Opinion
15251, 305451/11
05-28-2015
Cerrusi & Spring, White Plains (Joseph Porretto of counsel), for appellants. Pellegrini and Associates, LLC, New York (Juan C. Restrepo–Rodriguez of counsel), for respondent.
Cerrusi & Spring, White Plains (Joseph Porretto of counsel), for appellants.
Pellegrini and Associates, LLC, New York (Juan C. Restrepo–Rodriguez of counsel), for respondent.
ANDRIAS, J.P., MOSKOWITZ, DeGRASSE, GISCHE, KAPNICK, JJ.
Opinion
Order, Supreme Court, Bronx County (Lucindo Suarez, J.), entered September 23, 2014, which, insofar as appealed from, denied defendants' motion for summary judgment dismissing so much of plaintiff's Labor Law § 241(6) cause of action as is predicated on Industrial Code (12 NYCRR) § 23–5.1(h), unanimously reversed, on the law, without costs, and the motion granted. The Clerk is directed to enter judgment accordingly.
12 NYCRR 23–5.1(h) provides that “[e]very scaffold shall be erected and removed under the supervision of a designated person.” “Designated person” is defined as “[a] person selected and directed by an employer or his authorized agent to perform a specific task or duty” (12 NYCRR 23–1.4 [b][17] ).
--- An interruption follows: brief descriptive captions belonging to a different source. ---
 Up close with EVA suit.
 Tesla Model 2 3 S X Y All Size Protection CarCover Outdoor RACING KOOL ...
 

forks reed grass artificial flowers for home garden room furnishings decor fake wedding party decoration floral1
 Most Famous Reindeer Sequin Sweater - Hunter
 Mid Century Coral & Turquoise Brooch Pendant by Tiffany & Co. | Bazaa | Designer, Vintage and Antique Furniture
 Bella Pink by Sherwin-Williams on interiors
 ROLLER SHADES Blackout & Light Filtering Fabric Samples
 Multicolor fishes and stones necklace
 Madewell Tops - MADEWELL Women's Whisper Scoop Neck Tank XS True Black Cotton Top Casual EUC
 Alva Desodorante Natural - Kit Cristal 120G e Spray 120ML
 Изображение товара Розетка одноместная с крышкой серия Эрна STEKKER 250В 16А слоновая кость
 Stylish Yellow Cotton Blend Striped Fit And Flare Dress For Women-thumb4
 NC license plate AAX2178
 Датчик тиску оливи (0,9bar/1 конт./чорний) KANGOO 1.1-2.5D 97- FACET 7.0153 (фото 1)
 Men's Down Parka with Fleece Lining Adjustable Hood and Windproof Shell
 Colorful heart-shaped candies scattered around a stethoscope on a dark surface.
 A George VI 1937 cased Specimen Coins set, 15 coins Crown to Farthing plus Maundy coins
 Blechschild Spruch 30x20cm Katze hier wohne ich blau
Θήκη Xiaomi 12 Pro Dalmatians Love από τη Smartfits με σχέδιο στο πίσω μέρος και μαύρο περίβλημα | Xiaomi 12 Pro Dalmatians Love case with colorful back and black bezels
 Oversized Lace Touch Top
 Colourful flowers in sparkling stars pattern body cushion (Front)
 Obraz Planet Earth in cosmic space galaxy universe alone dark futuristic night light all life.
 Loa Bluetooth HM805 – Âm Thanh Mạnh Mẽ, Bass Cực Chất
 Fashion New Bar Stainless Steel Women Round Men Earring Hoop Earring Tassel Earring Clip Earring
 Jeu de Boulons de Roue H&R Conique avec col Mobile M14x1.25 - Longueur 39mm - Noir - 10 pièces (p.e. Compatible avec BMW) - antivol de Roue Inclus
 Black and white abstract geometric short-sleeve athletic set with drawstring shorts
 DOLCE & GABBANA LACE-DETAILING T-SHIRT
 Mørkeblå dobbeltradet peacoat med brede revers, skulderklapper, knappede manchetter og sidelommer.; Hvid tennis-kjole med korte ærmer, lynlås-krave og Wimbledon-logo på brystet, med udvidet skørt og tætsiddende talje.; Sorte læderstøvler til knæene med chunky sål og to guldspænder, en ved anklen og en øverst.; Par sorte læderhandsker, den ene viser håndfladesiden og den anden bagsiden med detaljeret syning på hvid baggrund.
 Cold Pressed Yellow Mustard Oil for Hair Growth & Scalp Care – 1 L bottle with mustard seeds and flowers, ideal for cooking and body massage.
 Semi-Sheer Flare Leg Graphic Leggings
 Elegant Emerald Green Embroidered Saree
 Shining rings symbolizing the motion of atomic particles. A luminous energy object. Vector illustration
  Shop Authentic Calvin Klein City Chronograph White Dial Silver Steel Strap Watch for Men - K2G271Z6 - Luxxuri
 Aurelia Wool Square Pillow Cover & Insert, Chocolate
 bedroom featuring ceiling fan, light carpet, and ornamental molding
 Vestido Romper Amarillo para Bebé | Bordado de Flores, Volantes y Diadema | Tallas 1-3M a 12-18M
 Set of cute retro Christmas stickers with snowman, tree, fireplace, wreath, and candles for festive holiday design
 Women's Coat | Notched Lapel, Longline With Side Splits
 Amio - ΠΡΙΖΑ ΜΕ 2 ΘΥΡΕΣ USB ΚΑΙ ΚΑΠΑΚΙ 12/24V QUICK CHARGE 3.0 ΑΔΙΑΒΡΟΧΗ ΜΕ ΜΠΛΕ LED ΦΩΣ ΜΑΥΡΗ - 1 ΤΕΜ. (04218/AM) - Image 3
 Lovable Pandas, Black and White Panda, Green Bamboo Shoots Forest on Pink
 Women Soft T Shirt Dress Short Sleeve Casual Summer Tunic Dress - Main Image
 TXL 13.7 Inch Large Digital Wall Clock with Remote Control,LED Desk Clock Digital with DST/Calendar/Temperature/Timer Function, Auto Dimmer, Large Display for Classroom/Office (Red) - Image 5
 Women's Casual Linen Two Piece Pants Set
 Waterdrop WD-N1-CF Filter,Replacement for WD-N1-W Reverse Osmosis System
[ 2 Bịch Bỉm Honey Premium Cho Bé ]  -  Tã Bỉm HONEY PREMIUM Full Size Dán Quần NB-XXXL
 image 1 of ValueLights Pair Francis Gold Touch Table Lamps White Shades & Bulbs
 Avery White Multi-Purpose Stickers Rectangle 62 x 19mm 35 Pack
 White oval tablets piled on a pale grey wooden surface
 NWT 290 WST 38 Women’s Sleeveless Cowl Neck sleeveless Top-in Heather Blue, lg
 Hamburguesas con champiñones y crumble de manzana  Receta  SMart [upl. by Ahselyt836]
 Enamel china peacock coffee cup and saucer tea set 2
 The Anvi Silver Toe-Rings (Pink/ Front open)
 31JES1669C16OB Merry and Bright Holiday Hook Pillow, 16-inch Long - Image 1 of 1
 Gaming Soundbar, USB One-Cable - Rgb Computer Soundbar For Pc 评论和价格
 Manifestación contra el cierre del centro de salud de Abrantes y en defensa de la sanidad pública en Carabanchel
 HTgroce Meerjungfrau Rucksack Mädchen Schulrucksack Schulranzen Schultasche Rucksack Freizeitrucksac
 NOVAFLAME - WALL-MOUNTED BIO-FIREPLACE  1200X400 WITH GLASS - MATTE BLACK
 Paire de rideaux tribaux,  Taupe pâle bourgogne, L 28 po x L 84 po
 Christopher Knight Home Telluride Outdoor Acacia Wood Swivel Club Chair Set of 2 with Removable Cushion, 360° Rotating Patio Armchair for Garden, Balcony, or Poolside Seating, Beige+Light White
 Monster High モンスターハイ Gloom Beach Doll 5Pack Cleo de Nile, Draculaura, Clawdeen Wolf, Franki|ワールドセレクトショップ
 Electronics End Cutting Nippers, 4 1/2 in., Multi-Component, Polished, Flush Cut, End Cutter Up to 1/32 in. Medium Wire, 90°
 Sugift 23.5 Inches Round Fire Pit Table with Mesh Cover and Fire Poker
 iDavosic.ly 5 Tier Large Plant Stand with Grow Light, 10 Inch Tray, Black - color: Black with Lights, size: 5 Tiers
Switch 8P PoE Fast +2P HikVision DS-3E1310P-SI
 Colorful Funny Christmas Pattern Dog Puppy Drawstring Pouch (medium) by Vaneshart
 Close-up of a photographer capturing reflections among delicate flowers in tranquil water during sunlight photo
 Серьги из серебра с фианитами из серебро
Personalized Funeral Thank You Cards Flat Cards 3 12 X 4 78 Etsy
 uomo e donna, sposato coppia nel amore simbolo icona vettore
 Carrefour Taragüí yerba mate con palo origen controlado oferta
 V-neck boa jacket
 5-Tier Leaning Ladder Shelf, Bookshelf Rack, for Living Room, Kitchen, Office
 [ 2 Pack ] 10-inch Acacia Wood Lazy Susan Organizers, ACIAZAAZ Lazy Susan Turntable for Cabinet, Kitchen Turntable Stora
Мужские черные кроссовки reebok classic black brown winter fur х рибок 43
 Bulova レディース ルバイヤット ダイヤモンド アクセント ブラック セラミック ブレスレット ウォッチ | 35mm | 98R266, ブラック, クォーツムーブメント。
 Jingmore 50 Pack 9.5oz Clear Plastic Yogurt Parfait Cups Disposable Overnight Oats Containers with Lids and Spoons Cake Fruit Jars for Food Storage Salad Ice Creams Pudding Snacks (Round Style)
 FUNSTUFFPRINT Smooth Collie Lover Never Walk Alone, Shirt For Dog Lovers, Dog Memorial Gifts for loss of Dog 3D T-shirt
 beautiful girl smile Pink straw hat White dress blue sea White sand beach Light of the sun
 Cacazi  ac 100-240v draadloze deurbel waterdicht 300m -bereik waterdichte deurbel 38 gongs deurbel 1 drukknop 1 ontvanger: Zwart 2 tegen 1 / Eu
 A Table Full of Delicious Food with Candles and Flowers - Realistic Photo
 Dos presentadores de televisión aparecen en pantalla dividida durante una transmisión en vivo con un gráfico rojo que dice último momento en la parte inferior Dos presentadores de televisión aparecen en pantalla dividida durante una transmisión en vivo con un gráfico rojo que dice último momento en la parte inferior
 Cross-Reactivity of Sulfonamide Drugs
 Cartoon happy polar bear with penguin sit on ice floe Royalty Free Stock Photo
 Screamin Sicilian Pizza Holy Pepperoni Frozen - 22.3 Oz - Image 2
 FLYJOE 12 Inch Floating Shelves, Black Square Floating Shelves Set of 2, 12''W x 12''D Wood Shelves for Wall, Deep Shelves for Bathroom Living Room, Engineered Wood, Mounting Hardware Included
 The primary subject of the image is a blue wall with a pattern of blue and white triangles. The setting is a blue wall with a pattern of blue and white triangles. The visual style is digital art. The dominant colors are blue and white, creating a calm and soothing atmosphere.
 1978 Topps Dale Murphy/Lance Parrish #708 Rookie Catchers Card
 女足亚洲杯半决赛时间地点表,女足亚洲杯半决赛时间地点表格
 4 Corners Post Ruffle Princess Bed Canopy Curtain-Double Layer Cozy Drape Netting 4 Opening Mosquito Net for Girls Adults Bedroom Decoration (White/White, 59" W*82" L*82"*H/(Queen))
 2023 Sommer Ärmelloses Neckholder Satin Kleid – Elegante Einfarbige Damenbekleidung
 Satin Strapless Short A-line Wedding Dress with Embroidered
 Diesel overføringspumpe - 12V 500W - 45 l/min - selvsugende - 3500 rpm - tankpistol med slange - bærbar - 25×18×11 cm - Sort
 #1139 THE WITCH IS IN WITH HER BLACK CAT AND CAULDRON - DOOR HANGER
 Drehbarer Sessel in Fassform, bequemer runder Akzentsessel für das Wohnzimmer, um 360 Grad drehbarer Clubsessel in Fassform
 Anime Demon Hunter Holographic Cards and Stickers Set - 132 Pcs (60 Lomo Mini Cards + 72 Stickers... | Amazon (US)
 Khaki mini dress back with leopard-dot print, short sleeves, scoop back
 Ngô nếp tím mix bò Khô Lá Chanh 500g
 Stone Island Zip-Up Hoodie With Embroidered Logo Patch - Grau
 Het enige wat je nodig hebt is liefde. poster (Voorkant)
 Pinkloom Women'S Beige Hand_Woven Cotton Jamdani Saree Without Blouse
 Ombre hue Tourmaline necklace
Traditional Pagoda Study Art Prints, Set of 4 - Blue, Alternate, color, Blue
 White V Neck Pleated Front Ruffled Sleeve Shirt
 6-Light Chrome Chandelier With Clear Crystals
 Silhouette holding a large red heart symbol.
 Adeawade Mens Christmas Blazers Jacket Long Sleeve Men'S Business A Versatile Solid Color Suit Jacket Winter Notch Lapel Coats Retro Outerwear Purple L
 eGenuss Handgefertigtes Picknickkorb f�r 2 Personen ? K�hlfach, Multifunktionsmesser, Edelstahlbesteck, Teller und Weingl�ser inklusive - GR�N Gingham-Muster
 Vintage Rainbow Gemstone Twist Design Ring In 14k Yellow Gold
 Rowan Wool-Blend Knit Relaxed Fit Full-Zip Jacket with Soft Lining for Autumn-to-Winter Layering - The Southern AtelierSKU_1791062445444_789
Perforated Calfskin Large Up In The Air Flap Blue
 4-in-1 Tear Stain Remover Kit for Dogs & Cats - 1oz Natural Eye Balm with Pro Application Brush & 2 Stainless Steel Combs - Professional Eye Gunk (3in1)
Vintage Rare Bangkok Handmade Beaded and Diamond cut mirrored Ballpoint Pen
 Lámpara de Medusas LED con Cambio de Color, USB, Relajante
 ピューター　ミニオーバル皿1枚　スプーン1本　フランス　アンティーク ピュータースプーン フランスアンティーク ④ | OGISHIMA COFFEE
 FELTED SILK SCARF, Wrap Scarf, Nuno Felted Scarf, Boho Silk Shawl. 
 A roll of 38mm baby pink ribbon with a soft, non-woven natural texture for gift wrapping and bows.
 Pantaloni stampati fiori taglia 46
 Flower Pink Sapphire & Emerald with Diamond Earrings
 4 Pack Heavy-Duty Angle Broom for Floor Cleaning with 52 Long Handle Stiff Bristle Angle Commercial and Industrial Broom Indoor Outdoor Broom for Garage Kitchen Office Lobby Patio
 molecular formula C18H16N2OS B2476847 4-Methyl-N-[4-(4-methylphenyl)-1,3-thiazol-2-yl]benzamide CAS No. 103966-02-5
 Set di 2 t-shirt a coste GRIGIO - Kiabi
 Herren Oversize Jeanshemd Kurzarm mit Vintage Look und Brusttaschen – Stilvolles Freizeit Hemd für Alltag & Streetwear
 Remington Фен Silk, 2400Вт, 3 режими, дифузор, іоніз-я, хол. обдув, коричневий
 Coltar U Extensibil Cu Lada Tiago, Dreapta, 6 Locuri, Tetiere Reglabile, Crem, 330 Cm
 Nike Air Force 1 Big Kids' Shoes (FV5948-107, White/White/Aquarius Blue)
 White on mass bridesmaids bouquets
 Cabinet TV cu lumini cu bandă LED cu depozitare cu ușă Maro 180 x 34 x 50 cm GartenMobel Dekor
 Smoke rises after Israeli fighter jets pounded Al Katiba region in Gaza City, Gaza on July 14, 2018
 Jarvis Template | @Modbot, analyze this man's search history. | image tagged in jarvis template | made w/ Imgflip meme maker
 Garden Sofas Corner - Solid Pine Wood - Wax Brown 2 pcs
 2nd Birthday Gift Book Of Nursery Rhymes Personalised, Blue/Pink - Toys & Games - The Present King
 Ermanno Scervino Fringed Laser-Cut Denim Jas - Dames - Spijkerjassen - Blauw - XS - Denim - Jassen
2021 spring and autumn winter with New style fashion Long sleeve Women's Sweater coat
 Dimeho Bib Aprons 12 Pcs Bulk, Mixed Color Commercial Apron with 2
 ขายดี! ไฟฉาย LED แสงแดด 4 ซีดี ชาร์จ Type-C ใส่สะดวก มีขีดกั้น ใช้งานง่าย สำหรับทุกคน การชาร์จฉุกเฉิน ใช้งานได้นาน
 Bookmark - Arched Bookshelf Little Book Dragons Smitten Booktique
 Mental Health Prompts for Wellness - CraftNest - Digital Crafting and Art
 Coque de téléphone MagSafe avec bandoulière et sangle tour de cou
Regardless of whether or not plaintiff was the designated person, given his experience and qualifications in building scaffolds, any failure to so designate someone was not a proximate cause of plaintiff's accident (see e.g. Atkinson v. State of New York, 49 A.D.3d 988, 854 N.Y.S.2d 556 [3d Dept.2008] ).Plaintiff was injured when he attempted to drag the platform by himself while standing on the braces of the scaffold, rather than waiting for another worker to return. There is simply no basis to conclude that plaintiff's accident was in any way the result of someone failing to adequately supervise him.